Fotos de ovário, na prática, são imagens obtidas por ultrassonografia transvaginal ou abdominal que mostram a estrutura interna dos ovários. Não é um exame de fotografia como uma pessoa tira com celular — é um exame de imagem médico. O termo é usado principalmente para acompanhamento de folículos, avaliação de cistos, ou investigação de síndrome dos ovários policísticos. O exame em si leva entre 10 e 20 minutos. A ultrassonografia transvaginal é a técnica padrão na maioria dos casos, porque a sonda se aproxima mais do ovário e a resolução é bem superior. A via abdominal serve quando a paciente não tem atividade sexual ou quando o ginecologista precisa avaliar uma massa maior que já está fora do campo pélvico convencional.

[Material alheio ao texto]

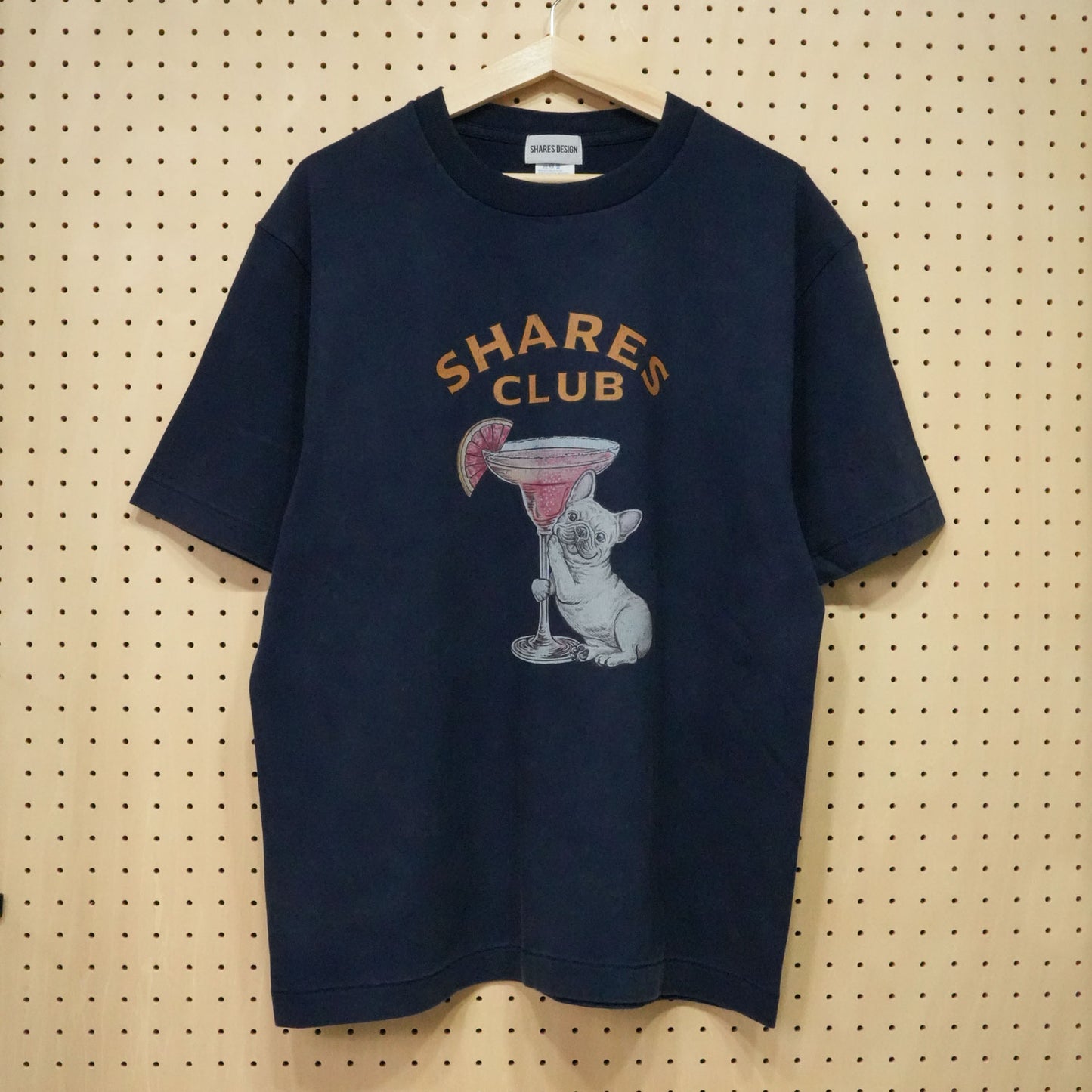 【期間限定！ 7/26 まで販売中】RUUU 描きおろし 〈 SHARES CLUB〉VINTAGE T-SHIRTS/ 半袖 T シャツ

Aqui vai algo que poucos mencionam: o dia do ciclo menstrual importa muito. Se você está sendo acompanhada para fertilidade, as fotos de ovário ideais para contagem folicular acontecem entre o 3º e o 5º dia do ciclo. Qualquer outro dia e os resultados ficam ruins para interpretação quantitativa. Eu já vi laboratório enviar relatório dizendo "ovários normais" quando na verdade o exame foi feito no dia 20 do ciclo, onde a visualização dos folículos antrais simplesmente não é confiável.

Como obter fotos de ovário com qualidade

O processo começa antes mesmo da máquina ligar. O técnico ou médico deve perguntar o primeiro dia da última menstruação, o ciclo habitual da paciente, e se ela está usando algum medicamento hormonai. Isso define o protocolo. Durante o exame, o equipamento precisa estar configurado com frequência de pelo menos 5 MHz para a sonda endoanal. A resolução espacial ideal para medir folículos pequenos (2 a 5 mm) exige que o ganho não esteja saturado e que o foco esteja posicionado na profundidade do ovário. Eu já deparei com imagens onde o ganho estava tão alto que os folículos pareciam maiores do que eram — parecia policístico, mas na medição real o volume era normal. A correção foi simplesmente baixar o ganho em 30% e refazer o mapeamento.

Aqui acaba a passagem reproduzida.